Sometimes, life can get overwhelming. You have hundreds of things to do and it seems like your days just keep getting shorter. No doubt, you’ve probably tried making lists and schedules and while they worked for a while, their effectiveness was fleeting. There is a difference between a to-do list and an effective to do list and learning how to make one will change the way you get things done. Hopefully, these tips will help you accomplish your goals and help minimize your stress.
How to Make an Effective To-Do List
This is a hard one and will definitely take some time to tweak, but in order for your list to be effective, you need to write down realistic goals. Take into account how much time you have and how important the items are before you put them down. If it helps, make two lists: One for things that need to be done immediately and more general ones for the future.
When you start writing your list of realistic things that you need to get done, be as specific as possible. This will help you focus when it comes time to do the things on your list. So, instead of saying “Clean the Kitchen”, write down “wipe the counters”, “empty out the fridge”, or “fill the dishwasher”. Having these smaller, step-by-step tasks will make the concept of ‘cleaning the kitchen’ much more doable.

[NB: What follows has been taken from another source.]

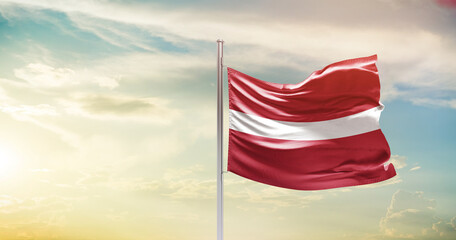 Latvia national flag waving in beautiful sky. The symbol of the state on wavy silk fabric.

Having things to do is one thing, but being overwhelmed by them is a completely different matter. However, if instead of looking at everything you have to do and worrying about that, you focus on one thing at a time, you’ll find yourself much less stressed. That’s why descriptive to-do lists work so well. You have these small things to do, which will snowball into the bigger things you want to accomplish. And, since you can do these smaller things easier, it will keep you from being stressed because you’re actually doing something.

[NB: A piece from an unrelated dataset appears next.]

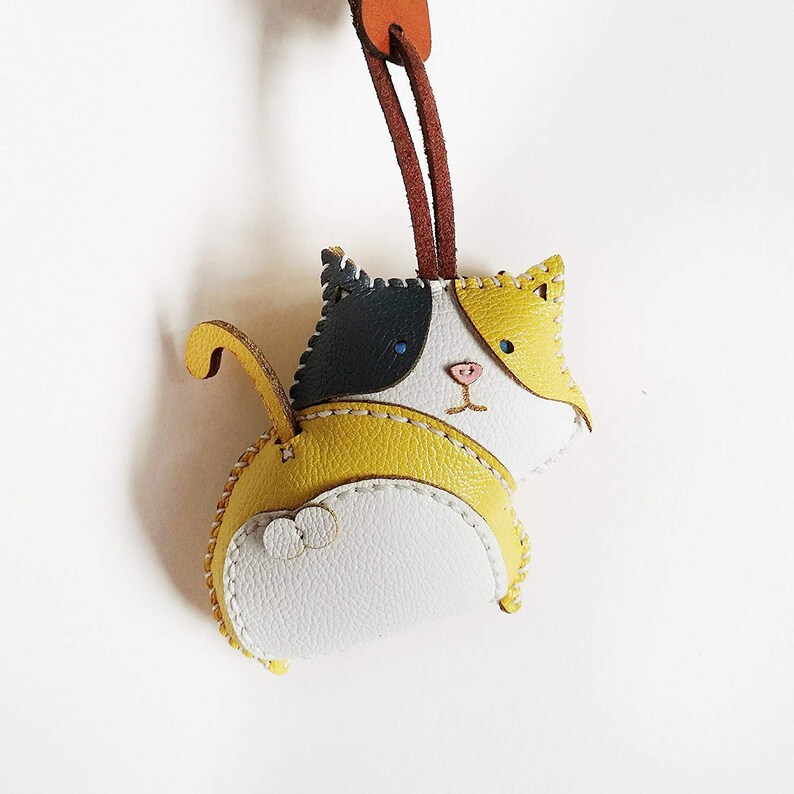May include: A yellow, white, and black leather cat keychain with stitched details. The cat has a stitched face with blue eyes and a pink nose.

This is kind of a continuation of #3. Put your most important things at the top of the list, so that you get those done first. You’ll be surprised at the weight that falls off your shoulders when you get to check something off that has been pressing on you. And, by putting these things first and completing them, you’ll definitely be able to look back on your day and say you’ve accomplished things.
Keep it Short
As mentioned in #1, you can have multiple to-do lists. One might be for the day, the other for the week, and another that’s more general. Breaking these activities into bit sized lists will help you focus. It’s a well-known fact that when the mind feels too stressed, it starts to shut down. So, having a list of 5-10 specific and realistic items to do will keep you motivated without the stress that comes with seeing a never-ending list of things to do.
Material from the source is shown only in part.